Encore fallait-il se féliciter d'avoir pu conserver en France tous ces chefs-d'oeuvre, grâce aux dispositions prises par La Tour lui-même avant sa mort.
L'artiste. en mourant le 17 février 1788, avait légué son atelier à sa ville natale en chargeant son frère de vendre les oeuvres qui s'y trouvaient au profit de ses compatriotes.
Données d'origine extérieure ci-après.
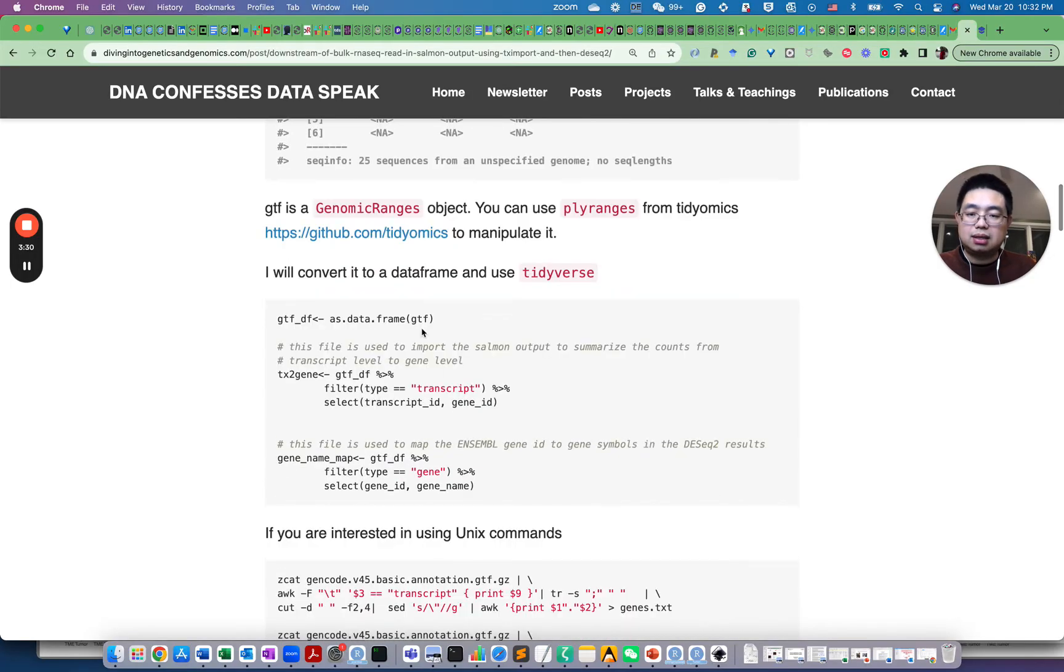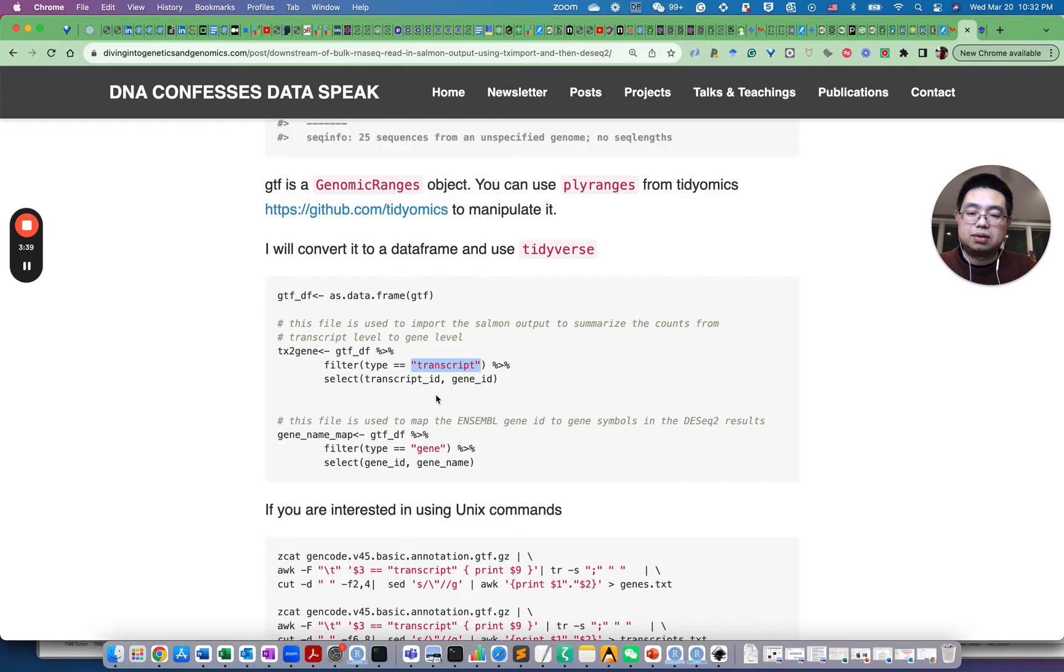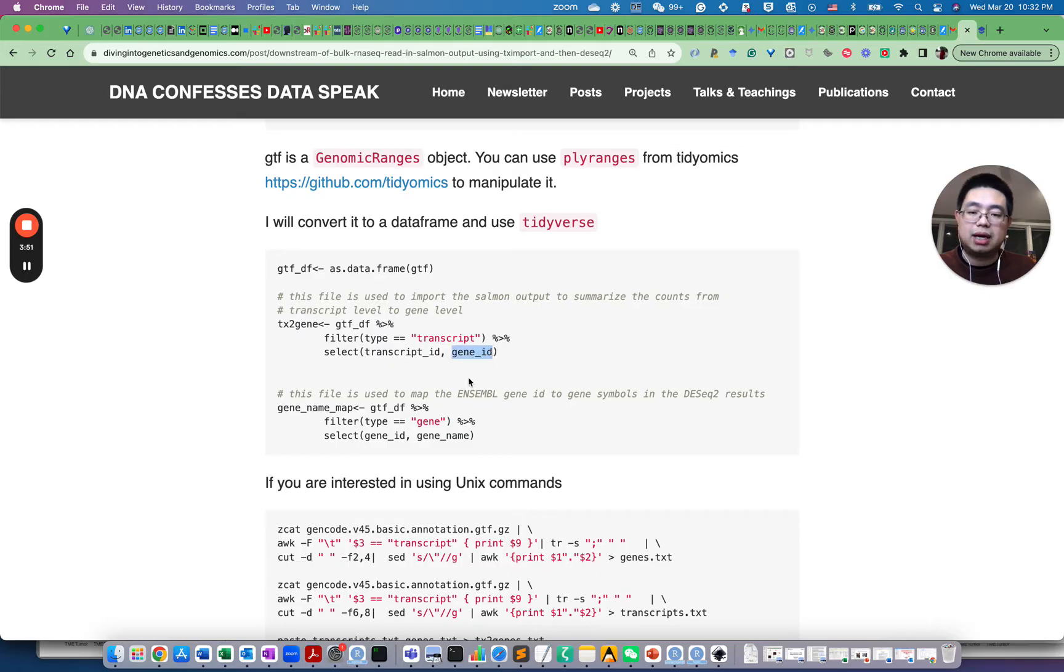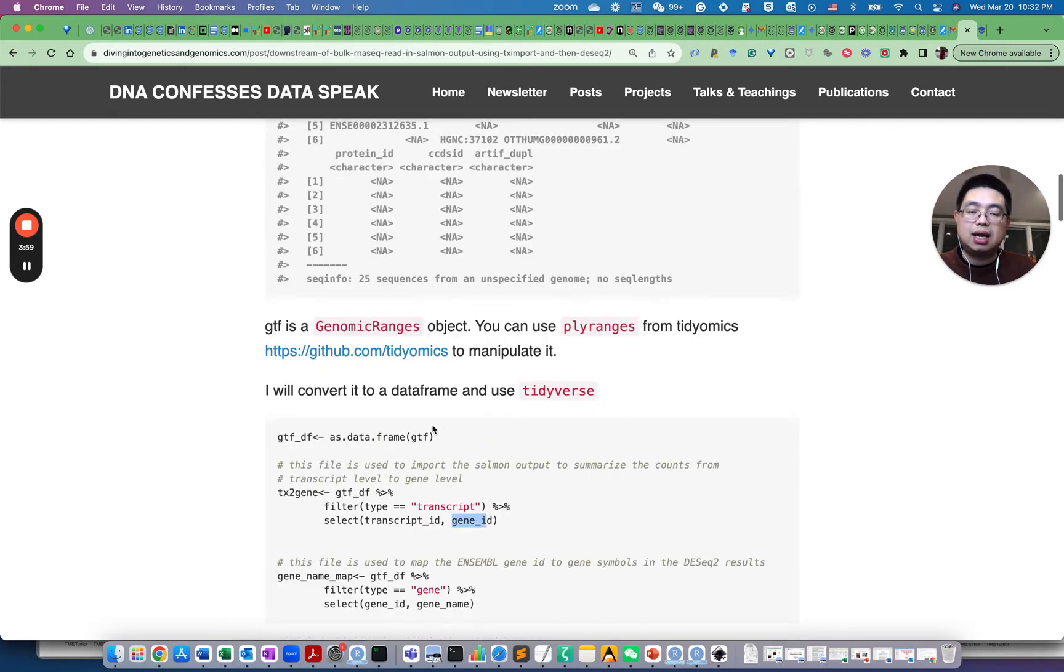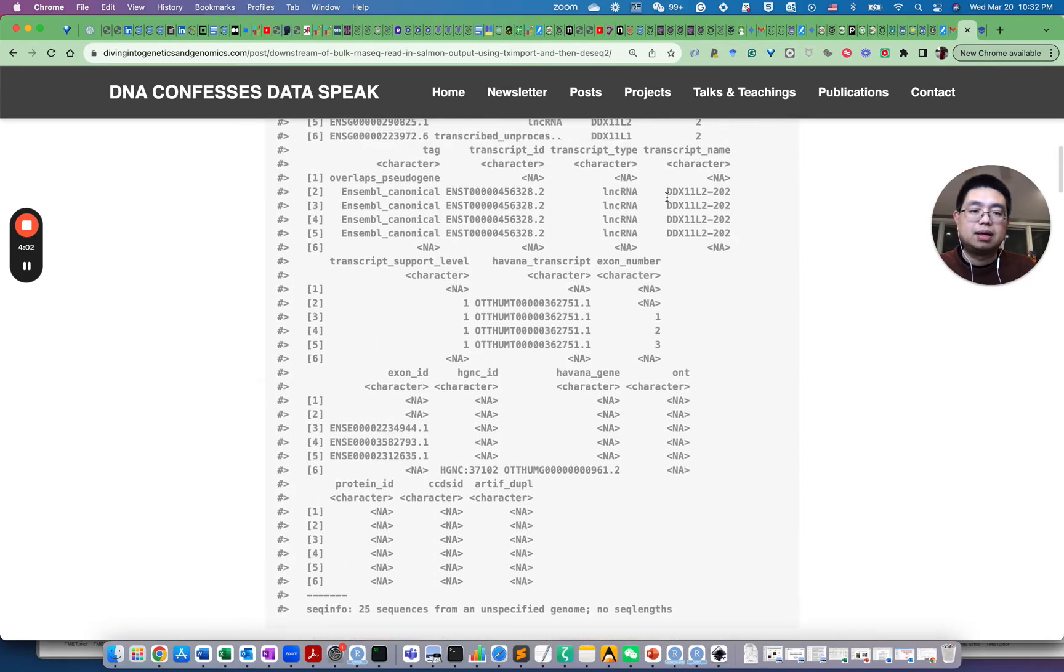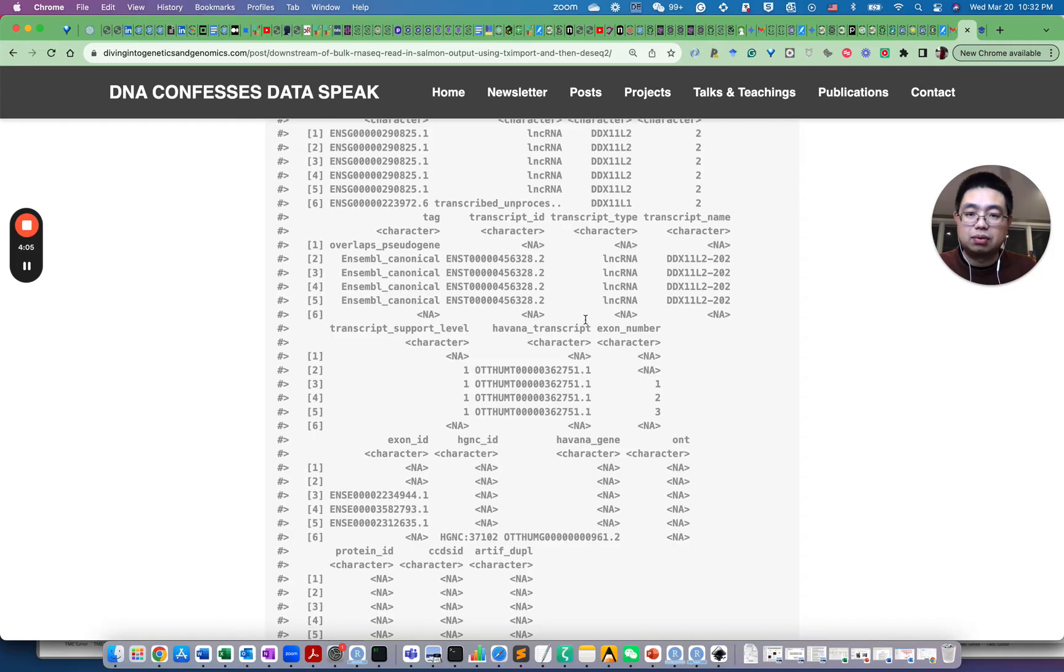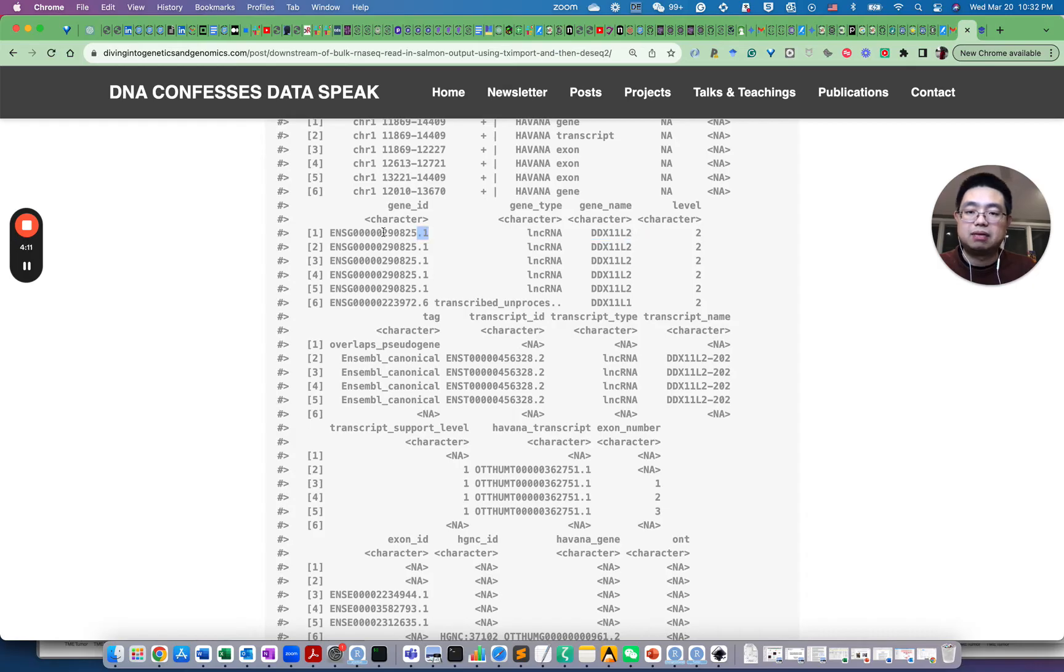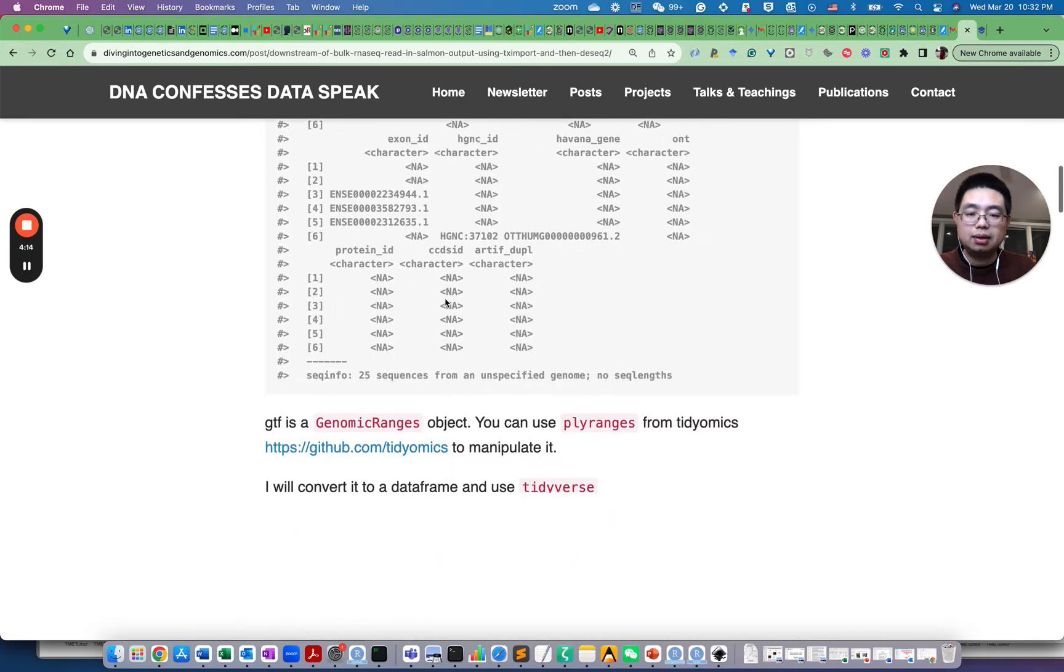Essentially, I convert that genomic ranges file to data frame and then filter by type equals to transcript and then we select those two columns so we can map the transcripts to the gene. Actually, I also prepared another file called gene name mapping file because this gene ID is the Ensembl ID. So in this case, I select the type equals to gene and then I select the gene ID, which is the Ensembl ID and gene name, which is the official gene symbol, which is more accessible to people. This is gene name here instead of those gene IDs.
La Révolution passée, le calme revenu avec l'empire, on voulut tenter de tirer quelque argent du legs du grand portraitiste. Une vente fut annoncée. Mais, hélas ! c'était le temps où David régnait sans conteste sur le goût français, le temps où l'art était étroitement emprisonné dans l'antiquité classique. Un mépris stupide s'attachait aux oeuvres du siècle charmant qui venait de finir. L'embarquement pour Cythère, le chef-d'oeuvre du génial Watteau, relégué dans un atelier de l'école des Beaux-Arts, servait alors de cible aux boulettes des jeunes sculpteurs ; le Gilles avait échoué au marché à la ferraille. Qu'allait-il advenir des pastels de La Tour ?...
Le premier qui fut mis aux enchères ne monta pas jusqu'à cent sous... On arrêta la vente. Et c'est ainsi que la ville de Saint-Quentin conserva dans son intégrité la collection de chefs-d'oeuvre que lui avait léguée le grand artiste.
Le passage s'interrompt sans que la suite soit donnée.